When I started at Bobbie, we were running Instagram and Facebook ads, and the data is so clean, but it’s not where everybody’s spending as much time.
We’re jumping into YouTube this year, which we never did before because we didn’t have the resources. We have a dedicated team of three that’s using our network of experts to make long-form, educational videos. Parents are spending a lot of time there in the research phase, and if you’re not winning the research phase of infant formula, you’re losing. And YouTube is feeding into Gemini, and that’s where people are learning about the product.
We have also shifted a lot of spending to TikTok, despite the data not being as clear. We can’t sell our product on TikTok Shop because we’re FDA-regulated, but we are seeing TikTok moms have a long tail effect on sales, because they’re real: they’re loading their dirty dishwashers, they’re going to Target. When we invest more in creators on TikTok, there’s a lag, but you see weekly store sales go up.
Comcast’s Jon Gieselman is using AI to improve customer service

Traffic’s migrating away from SEO, so you have to figure out what differentiates you from the competition so you come up in AI search queries the way you want to. It’s far more complex than it used to be, so it requires additional resources.
We use AI at every stage in the marketing cycle, from targeting ads to people, onboarding new customers, and keeping them. We also use AI to upsell people different products and services.
We have millions of interactions with customers on a monthly basis as we serve people over years and around the world, day and night. Training our 25,000 agents around the world is extremely difficult. Technology can do that. So many people talk about AI as a great way to save money. I think about it as a way to better serve our customers. When you’ve got a business that’s as complex as ours across so many different product lines, it’s almost impossible for a human being to have all of that expertise. So you use your best human agents to train the models so all of your customers are treated the same.
In the edge cases where you can’t solve a customer’s problem using agentic tools, then of course, you have the best humans available to care for them. So I view this as a massive step functional change.
Chime’s Vineet Mehra is experimenting with ChatGPT ads

We’re one of the pilot advertisers on ChatGPT. We’re trying to figure out how you turn that moment of discovery into recommendations that really fuel growth for our business.

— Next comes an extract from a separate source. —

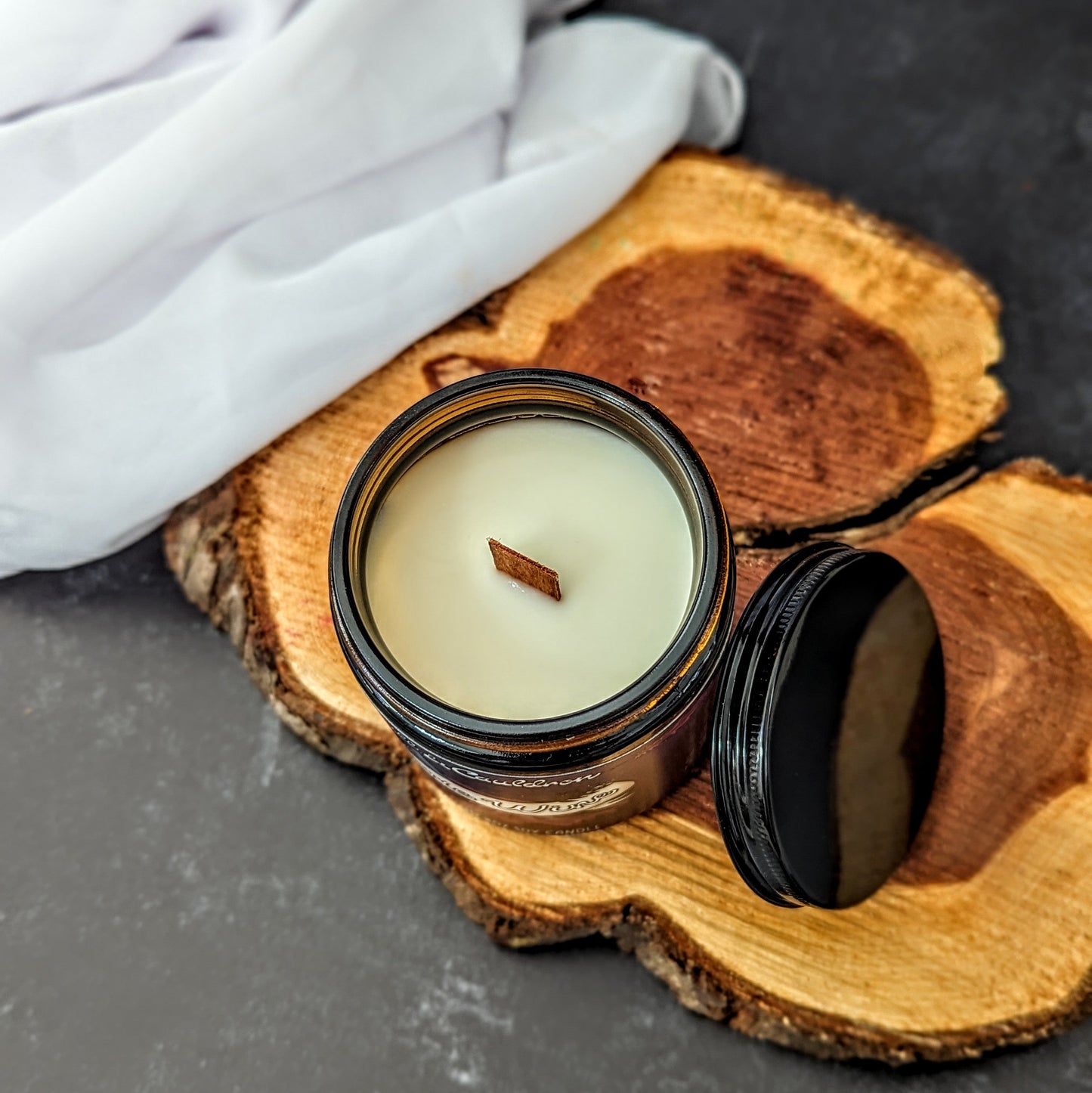 Coffee and Chronicles 8oz Wood Wick Soy Candle - Quill & Cauldron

It’s very early days, and they’re experimenting with the content, where you serve the ad, the context you serve the ad in, and the ad format. If you think of the amount of attention that’s going into these answer platforms, there’s got to be a way to crack it, but I think it’s going to take a bit of time to really dial in the ad product itself and how we create an efficient return on investment.
We’ve tested very basic contextual ads. So when someone is asking, “How do I pay less fees on my bank account?” we are testing the contextual ads we can do.

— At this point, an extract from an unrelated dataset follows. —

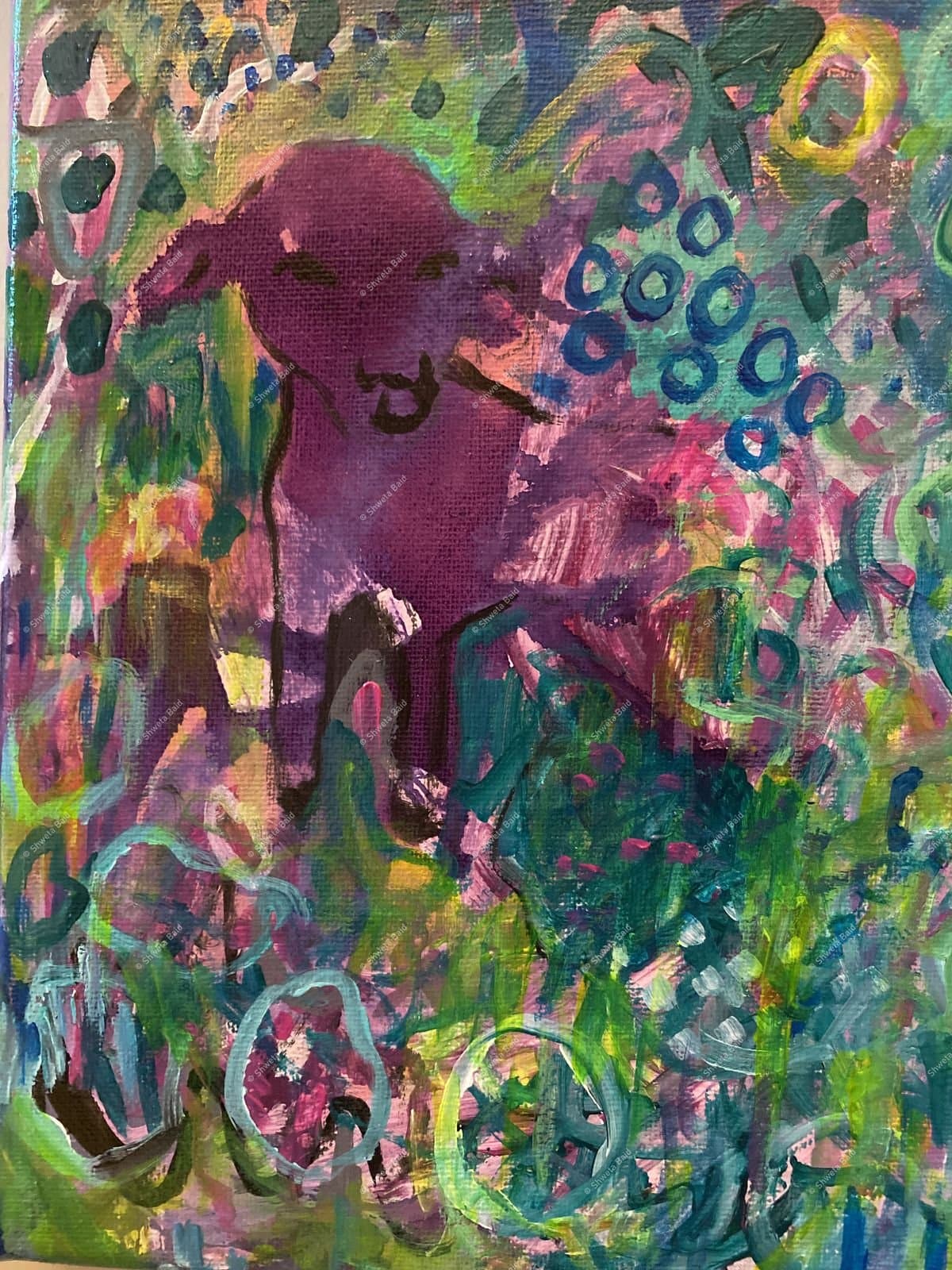 Magenta Deer in Bloom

Yahoo’s Josh Line is getting the brand on more social platforms

We’re at the beginning of the journey of getting Yahoo back out there from a marketing perspective. We’re definitely expanding the platforms that we’re showing up on.
We’ve been adding things like YouTube, Reddit, podcasts, and our creator strategy is really evolving.

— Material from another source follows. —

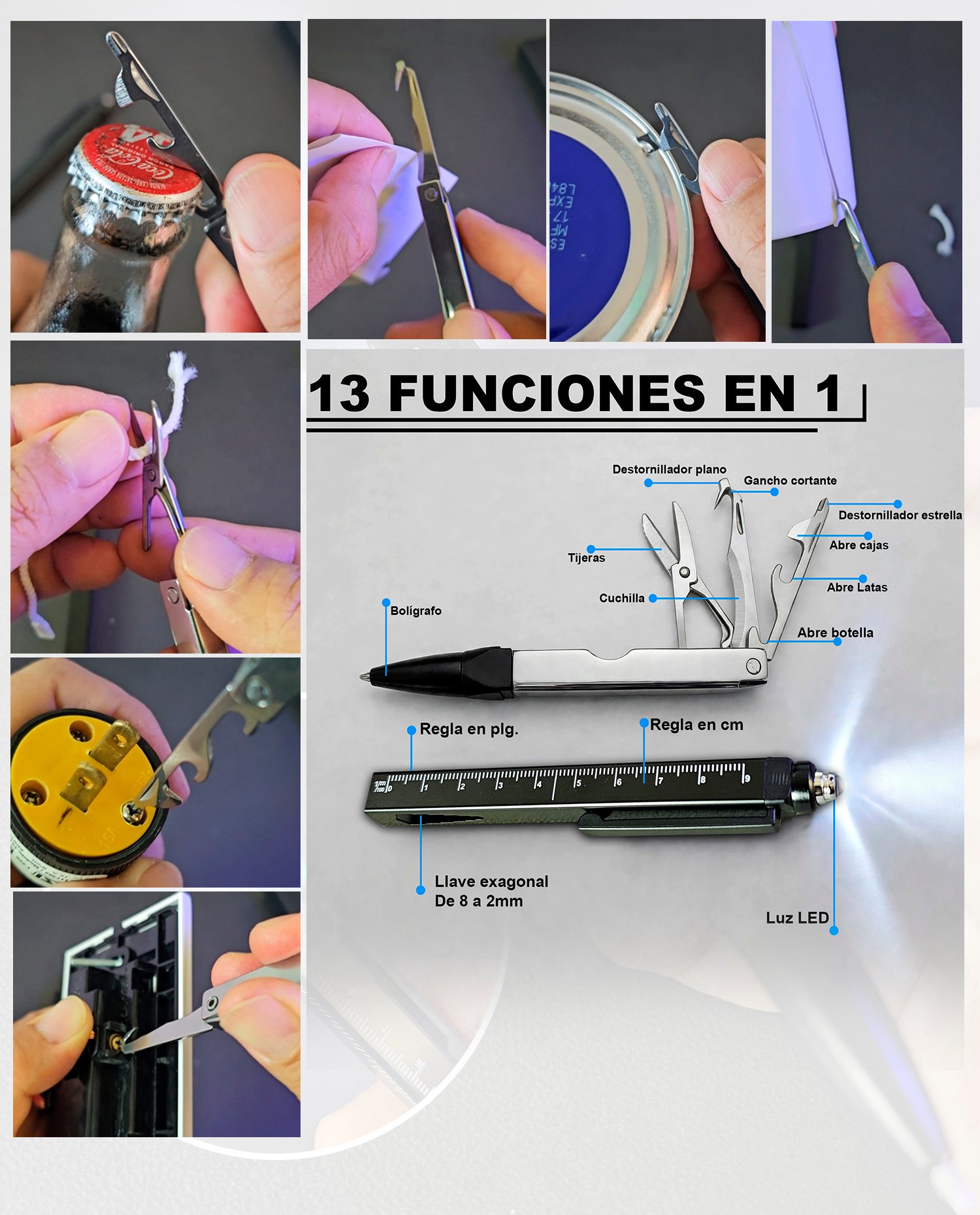 BOLIGRAFO MULTIFUNCIONAL 13 EN 1 - Imagen 3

We’re increasingly thinking of creators not just as talent within our creative concepts, but also a performance channel and we’re trying to do that at a greater scale.
Elizabeth Rutledge of American Express is leaning into sports partnerships

We have these incredible partnerships with F1, NBA, and the NFL, and we’re thinking about both the digital journey and what that looks like, as well as from an in-person perspective.
Eighty percent of our US consumer card members have said they are sports fans, so I want to be with them in those moments that matter, delivering great experiences and offers.